Open DowntonCrabby opened 1 year ago
I think visual_areas and visual_area_planes could be more generic as we are going to image additional regions (such as frontal)
To agree with @mattjdavis here - i would go with something like num_targeted_structures
and num_imaging_planes
instead of visual_areas
and visual_area_planes
, since we will be including non-visual areas in the future.
I also wonder whether we should use stimulus_set
instead of image_set
because not all stimuli that we currently use or will use in the future are technically "images". For example, some people would say that gratings are not images. But that's mostly semantics.

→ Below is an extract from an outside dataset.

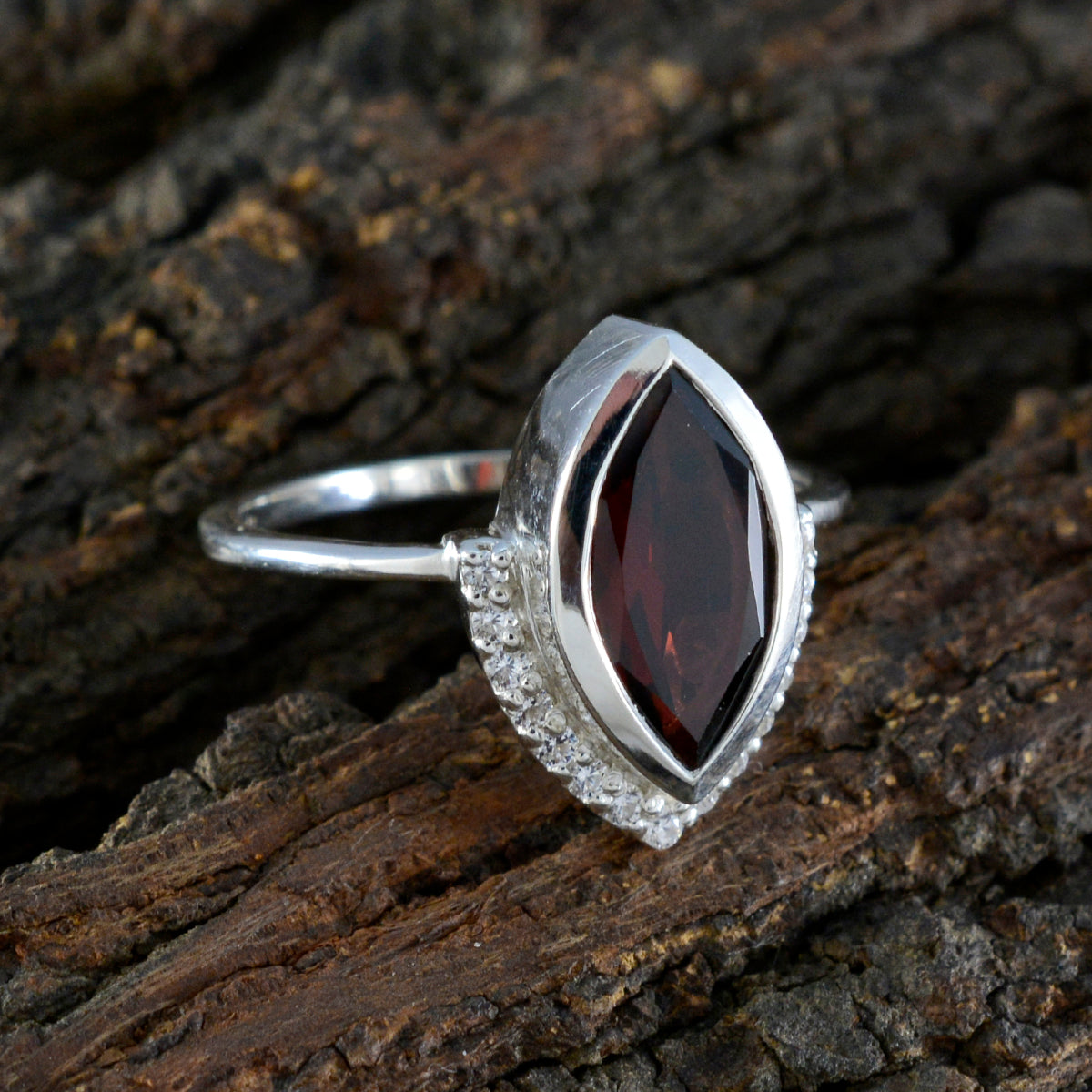 Garnet Halo American 925 Sterling Silver Red Gems Whisper thin Luxurious Ring Jewellery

Discussing this in our backlog refinement: In order for Pika to work on this ticket we need specifics examples of where these data stored and how to parse them. For example how does the session type TRAINING_5_images_A_handoff_lapsed
map on what is requested in this ticket. Additionally, as mentioned in the request, how do some of the requested data parse from the project_code
.
Hi @matchings and @DowntonCrabby we are still waiting on an answer to our above question for us to being working on this ticket.
Hi @morriscb, I'll get started on the mapping right now and provide it as a document here and ping you as soon as it's complete
Also of note: while some of this is just back mapping what this information was in the past, we might want to get engineering or others to include this information somewhere in the pkl file (or elsewhere, I'm not sure where) to make it much more easily parse-able
@matchings @mattjdavis Can you both take a look at this document I quickly put together with the mappings and make sure the titles of columns make sense and we have all the information we need?

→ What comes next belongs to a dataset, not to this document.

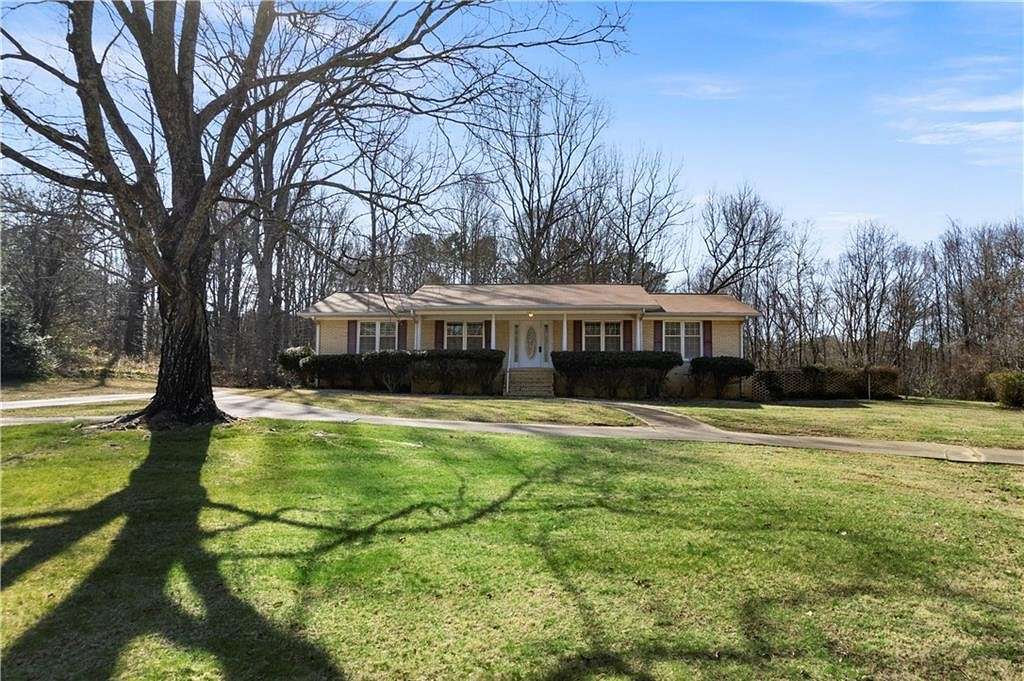 3.3 Acres of Residential Land with Home for Sale in Bremen, Georgia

There are 2 tabs in the excel sheet- one which parses the stimulus, and the other that parses project code
@morriscb we are working on finalizing a table with the mapping of stimulus_name and project_code to their relevant defining features, but it’s a little tricky given the variety of stimulus and project types. @DowntonCrabby has a draft version and we can finalize and share with you soon.
After re-reading this issue, considering the upcoming VBO re-release logistics, and the format of the table with the mappings, I am wondering if we should just include this table (or tables) as an additional metadata table, and not fully embed the information into all the NWB files. I think this would be much easier and should be sufficient for users. But I’d like to know what @DowntonCrabby thinks before deciding anything.
Hey @matchings chatted with the other Pika's. We're not thrilled about idea of uploading the table as metadata. Likely future projects are gonna want a similar mapping so it might be best to port the logic/code that was used to produce the @DowntonCrabby 's document python for the SDK. Is there such a piece of code/logic we can use? I think I can make out a general sense of what it is but if one already exists we could re-use that rather than recreate and potentially miss something.
@morriscb I am working on some functions right now that will take in the session_type or project_id and provide those mappings that are in the excel sheet.
@matchings @corbennett, Marina and I went over these mappings and column naming a while back but we wanted to come up with something that was going to work for both ophys and neuropixels so I wanted to check in with you guys about the naming and the different levels & organization of parsing out information. I still want to get ya'lls feedback on that before making it final!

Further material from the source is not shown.